134 « […] ce sont les aspects les plus négatifs de l’image qui sont réactivés. Roms, Voyageurs, Tsiganes sont considérés comme voleurs, bruyants, sales, immoraux, trompeurs, asociaux, ne travaillant pas. On les dit « enseigner des choses diaboliques »; leur art de devin attire et fait peur tout à la fois », J-P. LIÉGEOIS, Roms en Europe, préc., note 124, p. 159, voir aussi cet ouvrage p. 160-169.

Quant à leur rôle en aval, les États membres d’organisations régionales ou internationales, ont le pouvoir de cristalliser ou de transformer le droit au respect des modes de vie minoritaires ou autochtones en norme conventionnelle, alors que les acteurs non étatiques peuvent influencer favorablement ou défavorablement ce processus, en faisant pression sur les États.
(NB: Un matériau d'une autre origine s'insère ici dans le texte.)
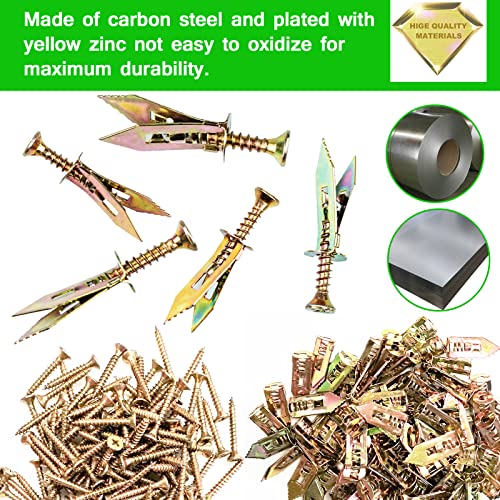 Dasemko PZLS-05 200 Pcs Zinc Plated Steel Self-Drilling Anchors,Self Drilling Drywall Anchors Easy Application No Drill Or Holes In Wall  thumb #3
Adhérant à une conception élargie de la production des normes juridiques supranationales, nous venons de présenter les divers acteurs impliqués dans l’émergence du droit au respect des modes de vie minoritaires ou autochtones. Nous nous sommes également concentrés sur les implications et les apports de chacun d’eux dans ce processus. Il en ressort une vision construite de la norme examinée qui se différencie d’une vision statique ou « préétablie ». Celle-ci a le mérite de mettre en contexte la production de la norme juridique internationale qui émane des contentieux, pour en percevoir les sources, la signification et les effets.
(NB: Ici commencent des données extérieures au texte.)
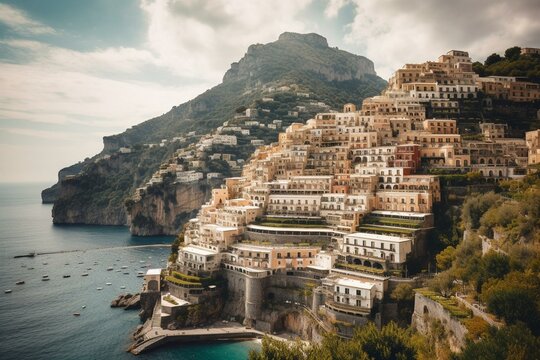A beautiful view of Positano village nestled in the mountains on the Amalfi Coast of Italy with a stunning coastal panorama. Top travel destination in Europe for beach and sea lovers. Generative AI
Avant de développer ces éléments, nous nous arrêterons sur l’exercice par les juges régionaux et experts du Comité des droits de l’homme, de leur rôle en matière d’objectivation de la norme. Même si les juges jouent un rôle que nous avons qualifié de « secondaire », dans la mesure où leur intervention est conditionnée à la saisine des requérants, ils disposent d’un pouvoir fondamental en matière de concrétisation juridique et de circonscription de la norme. Ils participent donc directement à l’établissement de la norme en déterminant, en quelque sorte, son degré de juridicité. Même si les requérants minoritaires ou autochtones impulsent l’émergence de la norme juridique en amont, en la délogeant du néant à travers l’expression de leurs revendications, ce sont les juges et les experts qui, en définitive, disposent du pouvoir capital de la consacrer en droit.